The listing that follows should be copied in full and exactly, with no pictures.

=== Section Start ===

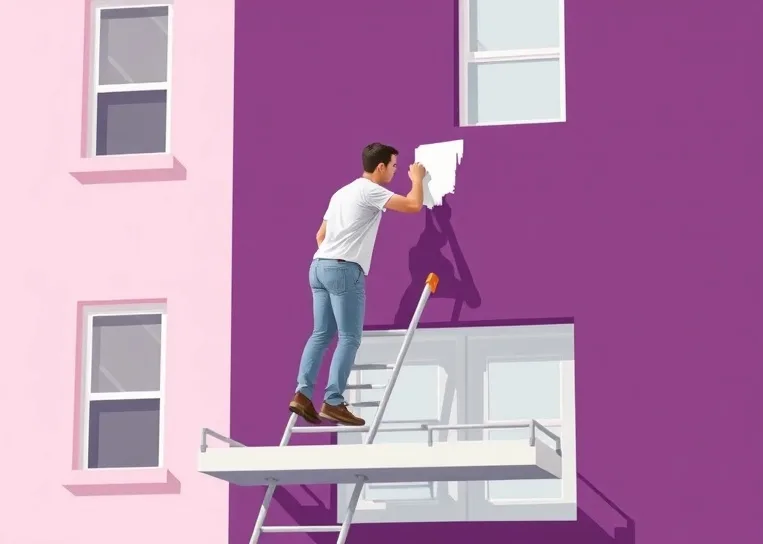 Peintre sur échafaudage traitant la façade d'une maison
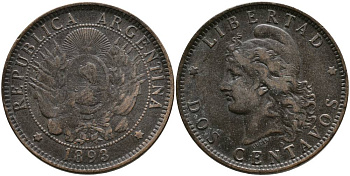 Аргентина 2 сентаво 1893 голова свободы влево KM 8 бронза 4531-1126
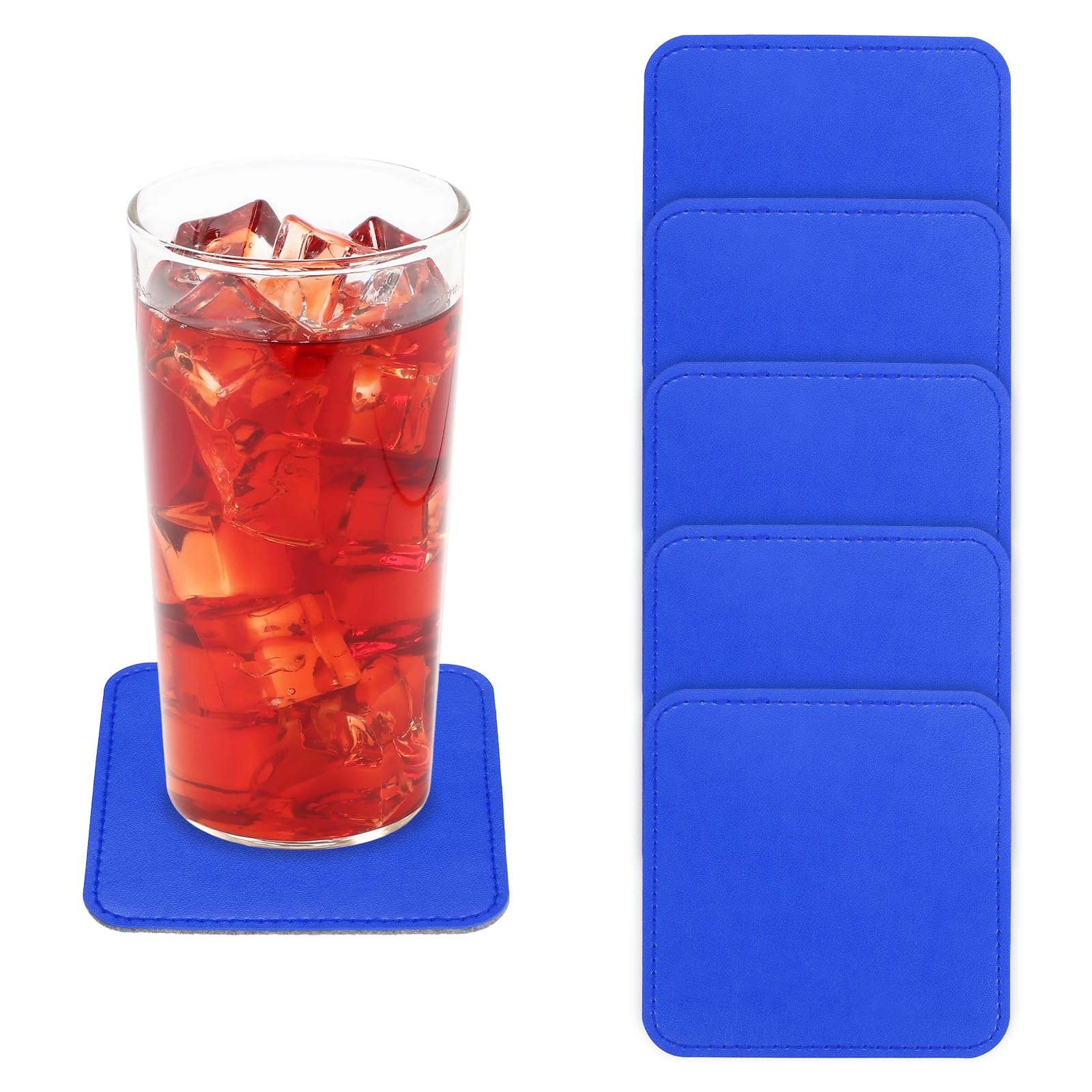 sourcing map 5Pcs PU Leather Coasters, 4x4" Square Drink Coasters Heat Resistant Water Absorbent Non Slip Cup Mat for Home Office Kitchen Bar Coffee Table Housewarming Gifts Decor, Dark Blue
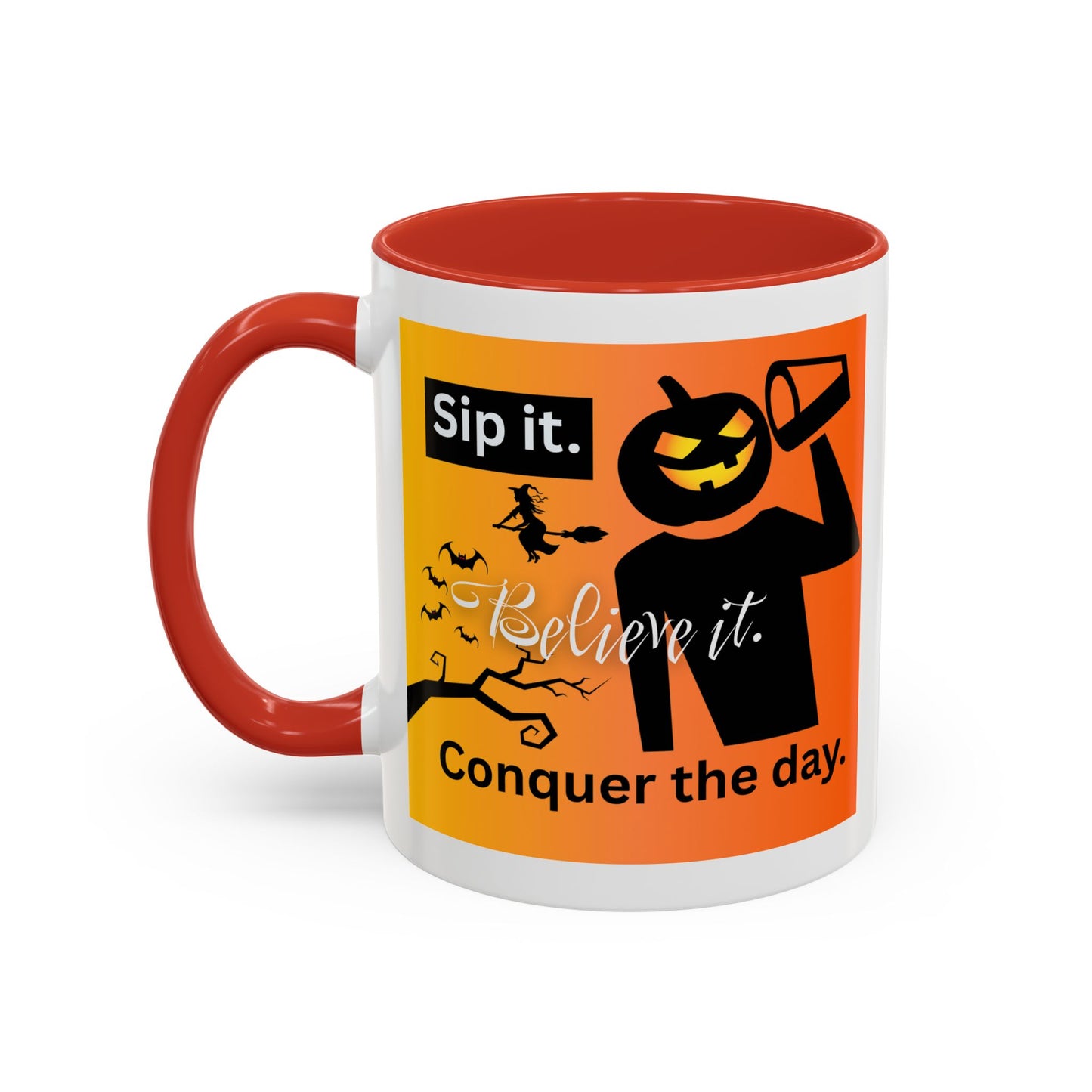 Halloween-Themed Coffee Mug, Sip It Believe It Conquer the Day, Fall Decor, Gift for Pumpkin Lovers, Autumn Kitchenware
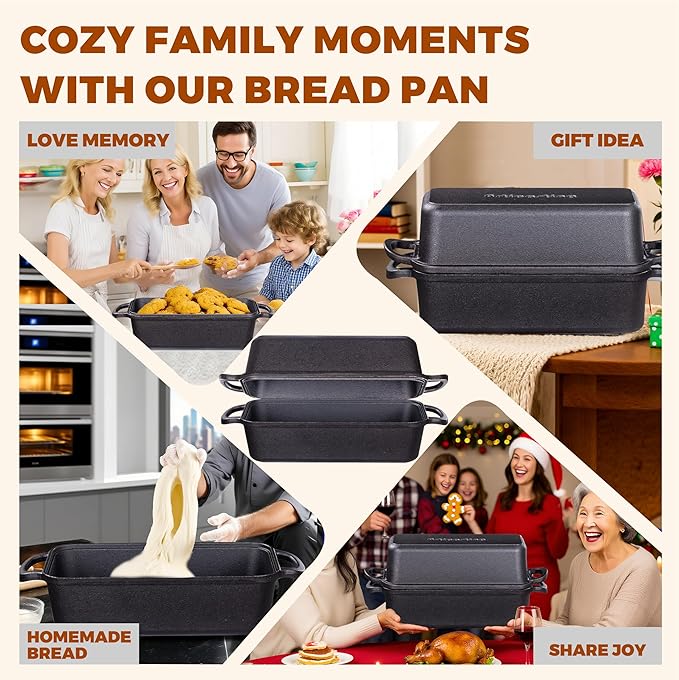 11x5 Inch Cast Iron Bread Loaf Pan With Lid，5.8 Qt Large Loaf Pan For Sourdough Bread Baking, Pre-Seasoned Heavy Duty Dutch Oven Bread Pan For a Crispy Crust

=== Section End ===

### ANSWER TO THE EXERCISE
 Peintre sur échafaudage traitant la façade d'une maison
 Аргентина 2 сентаво 1893 голова свободы влево KM 8 бронза 4531-1126
 sourcing map 5Pcs PU Leather Coasters, 4x4" Square Drink Coasters Heat Resistant Water Absorbent Non Slip Cup Mat for Home Office Kitchen Bar Coffee Table Housewarming Gifts Decor, Dark Blue
 Halloween-Themed Coffee Mug, Sip It Believe It Conquer the Day, Fall Decor, Gift for Pumpkin Lovers, Autumn Kitchenware
 11x5 Inch Cast Iron Bread Loaf Pan With Lid，5.8 Qt Large Loaf Pan For Sourdough Bread Baking, Pre-Seasoned Heavy Duty Dutch Oven Bread Pan For a Crispy Crust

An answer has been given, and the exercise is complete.